• [Exercise]:
Each line of the listing below must be retyped exactly, with images left out.

• [Recorded information]:
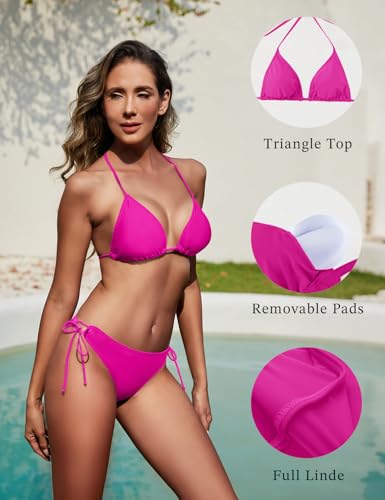Image of Women String Bikini Set Halter Side Tie Two Piece Swimsuit Triangle Bathing Suits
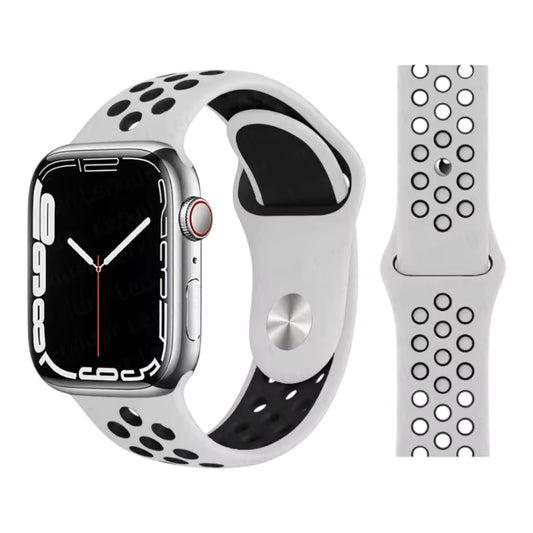 Pulsera - Deportiva de Blanco negro con agujeros negros para Apple Watch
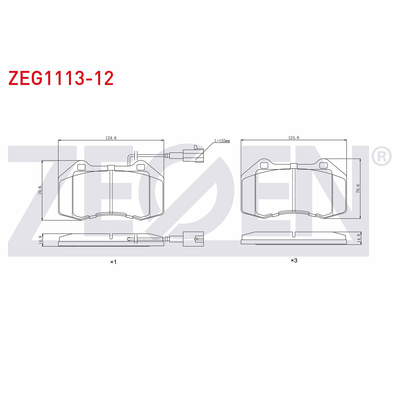Fren Disk Balata Ön Abarth Grande Punto (199)(2008->)  ZEGEN ZEG1113-12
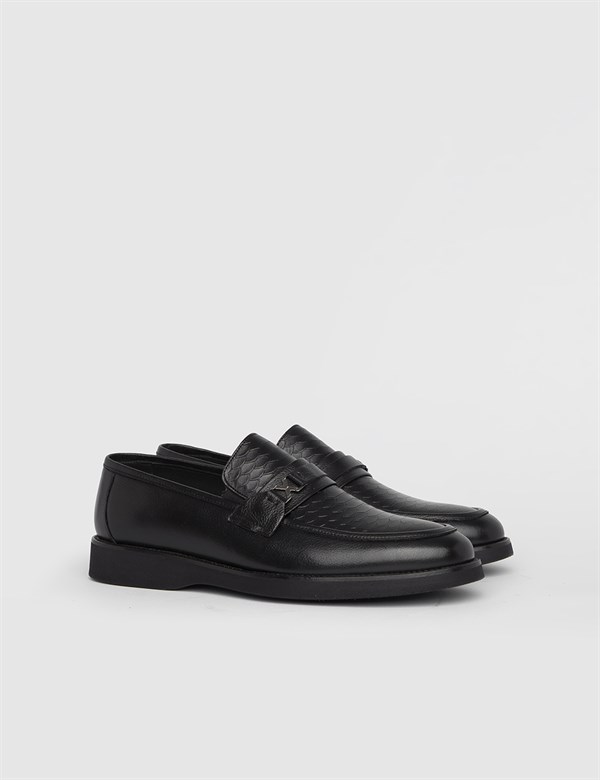 Nomi Black-Silver Leather Men's Moccasin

• [Reply to the task]:
Image of Women String Bikini Set Halter Side Tie Two Piece Swimsuit Triangle Bathing Suits
 Pulsera - Deportiva de Blanco negro con agujeros negros para Apple Watch
Fren Disk Balata Ön Abarth Grande Punto (199)(2008->)  ZEGEN ZEG1113-12
 Nomi Black-Silver Leather Men's Moccasin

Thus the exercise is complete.